*** Opening of DATA FOR THIS TASK ***

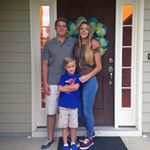 Profile Picture of lawrence neeley (@lawrenceneeley) on Instagram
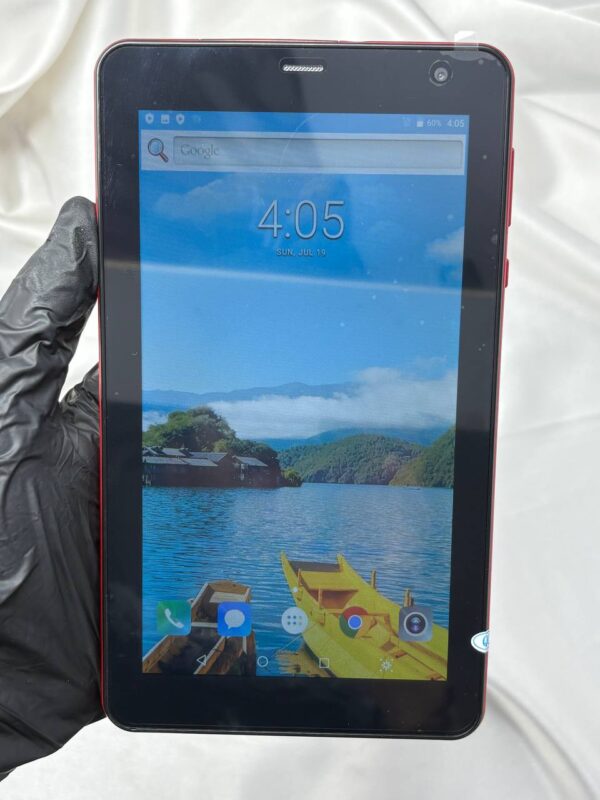 تبلت برند C Idea مدل cm515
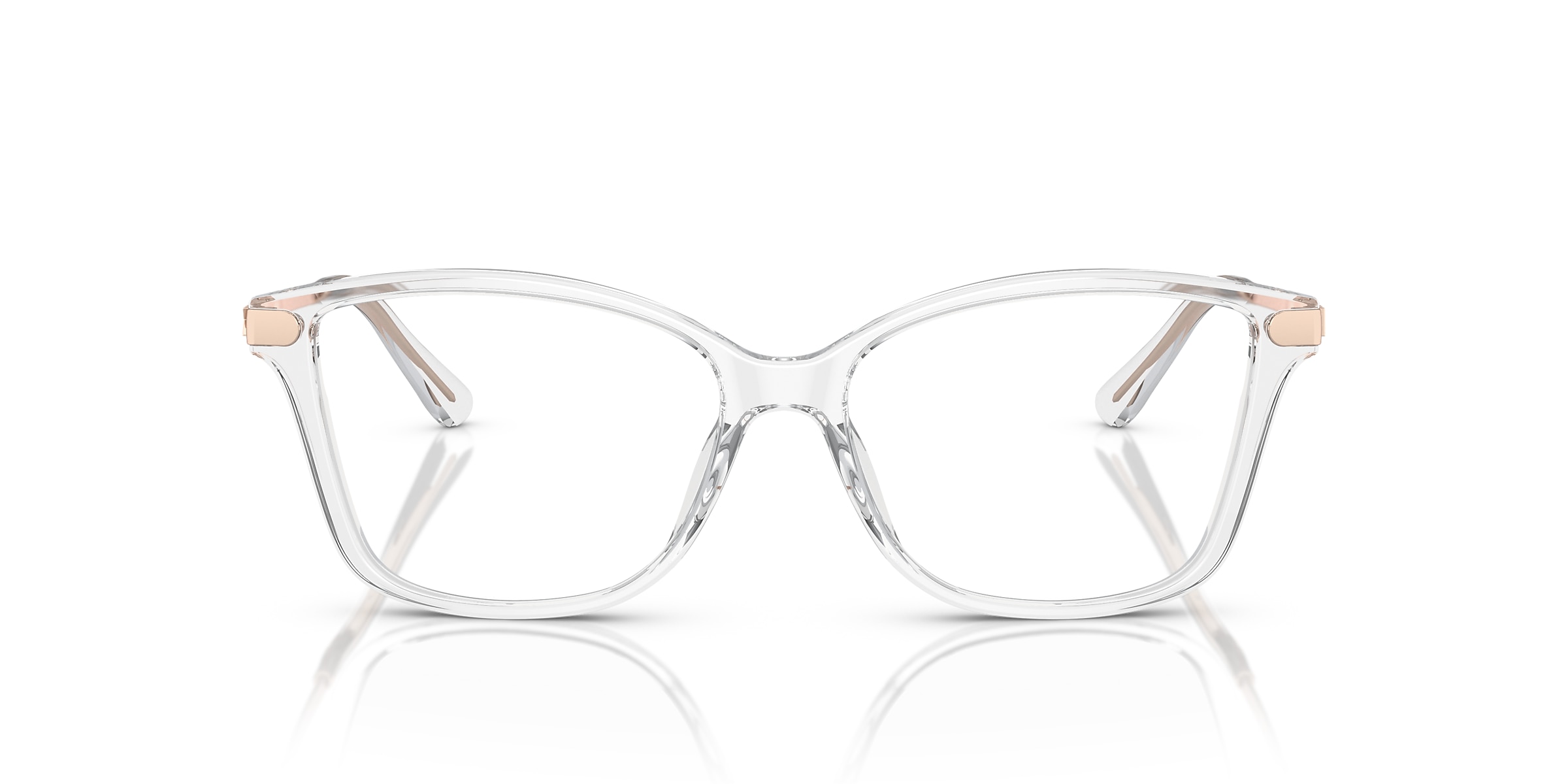 Michael Kors Glasses MK4105BU GEORGETOWN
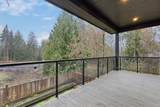 23680 132 Avenue - Photo 13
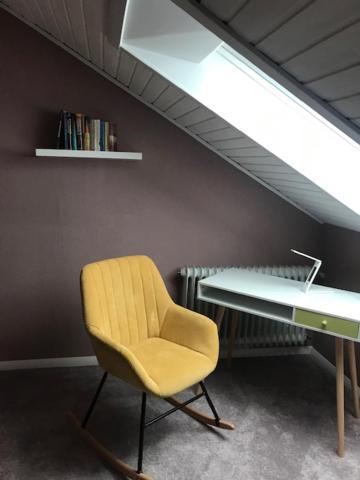 Schoene Ferienwohnung Im Suedschwarzwald Herrischried Dış mekan fotoğraf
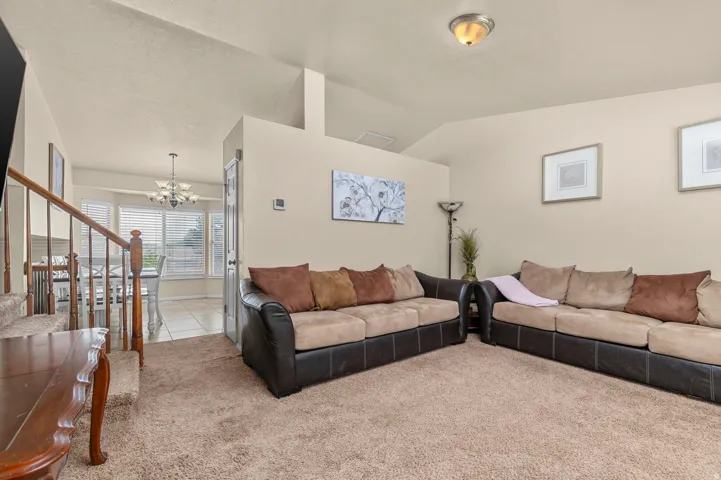 5762 W Chambre Dr, Salt Lake City, Utah 84118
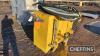 PTO Hydraulic Power Pack UNRESERVED LOT - 2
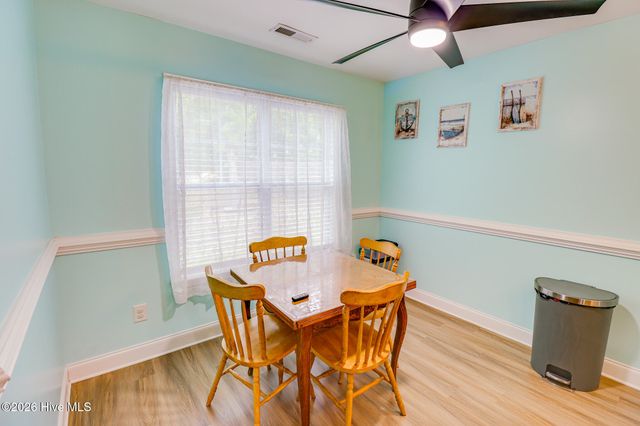9745 Wayne Street NE, Leland, NC 28451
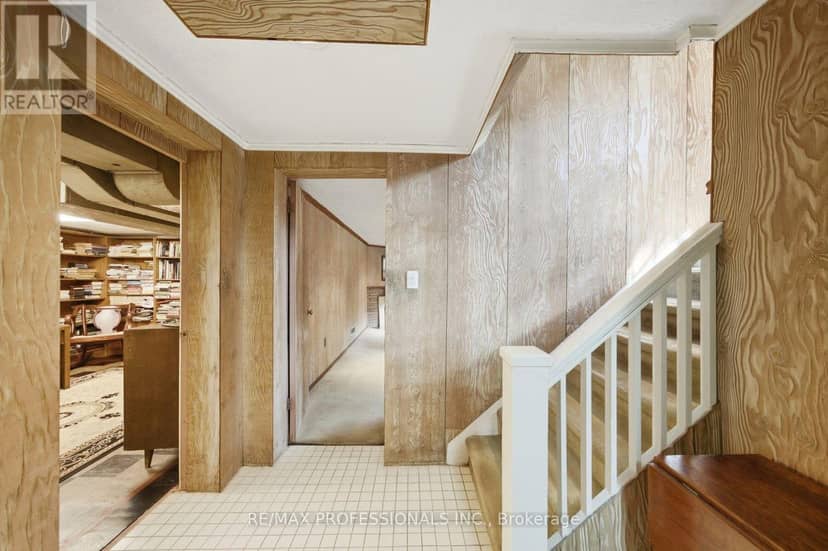 15 Hartfield Court — photo 29 of 40
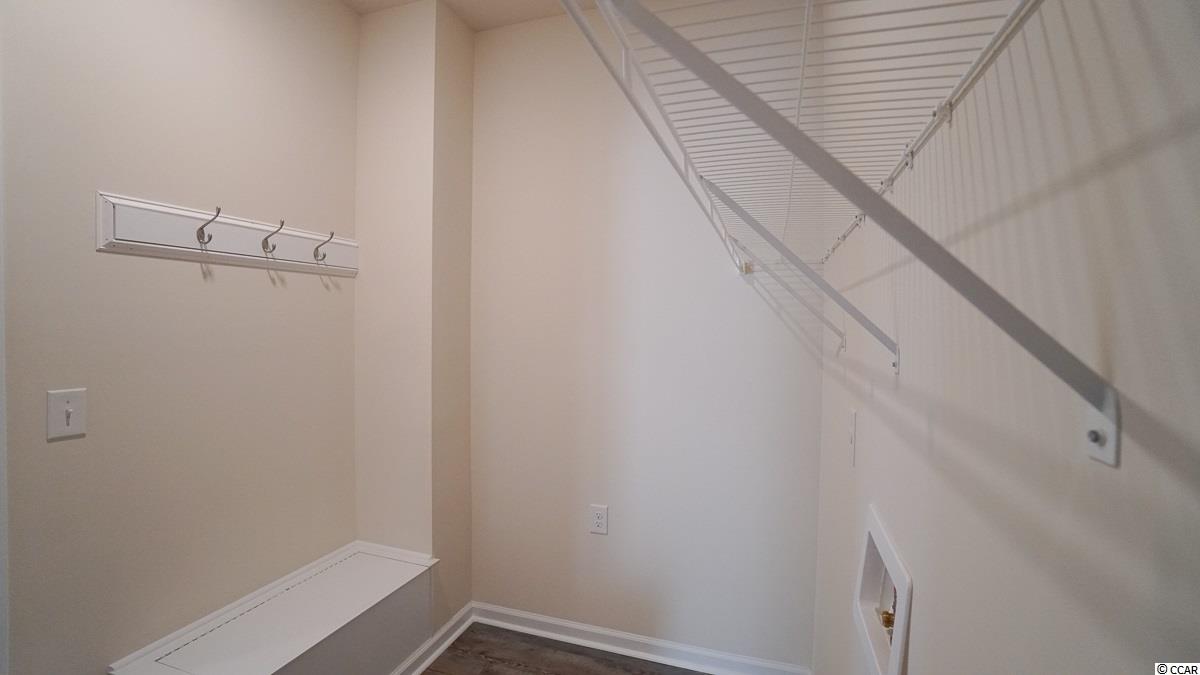 1116 Valetto Loop Myrtle Beach, SC 29579 - Photo 29 of 36 Gallery Image 29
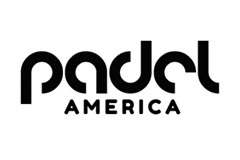 Padel América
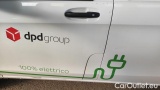  Mercedes  Vito e Long #17
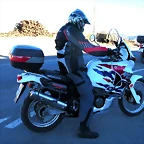 19-IMG_4424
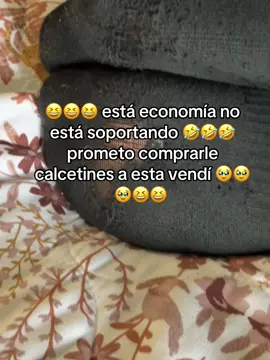 #paratii #teenagelife #fypシsoporten para calcetines nuevos
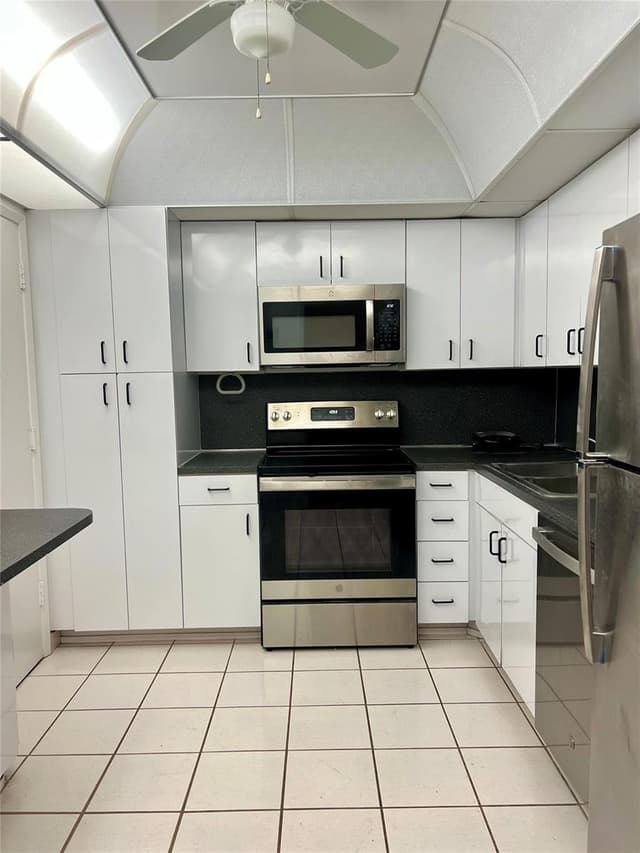 5005 Collins Avenue # 1210, Miami Beach FL 33140 - Miami Beach, FL - Photo 6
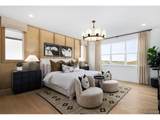 8113 Bersshine St - Photo 8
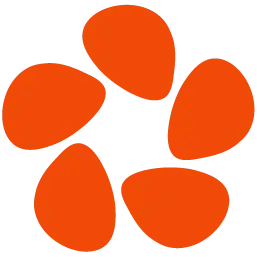 Zencoder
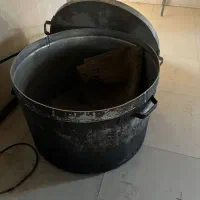 فروش لوازم خانه و رستوران|کافی‌شاپ و رستوران|گرمسار, |دیوار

*** Close of DATA FOR THIS TASK ***

THE TASK:
Output exactly, and only, the lines of the entries above from the one with "Michael Kors Glasses MK4105BU GEORGETOWN" up to and including the one with "19-IMG_4424"; pictures are to be left out.

EXERCISE ANSWER:
 Michael Kors Glasses MK4105BU GEORGETOWN
 23680 132 Avenue - Photo 13
 Schoene Ferienwohnung Im Suedschwarzwald Herrischried Dış mekan fotoğraf
 5762 W Chambre Dr, Salt Lake City, Utah 84118
 PTO Hydraulic Power Pack UNRESERVED LOT - 2
9745 Wayne Street NE, Leland, NC 28451
 15 Hartfield Court — photo 29 of 40
 1116 Valetto Loop Myrtle Beach, SC 29579 - Photo 29 of 36 Gallery Image 29
 Padel América
  Mercedes  Vito e Long #17
 19-IMG_4424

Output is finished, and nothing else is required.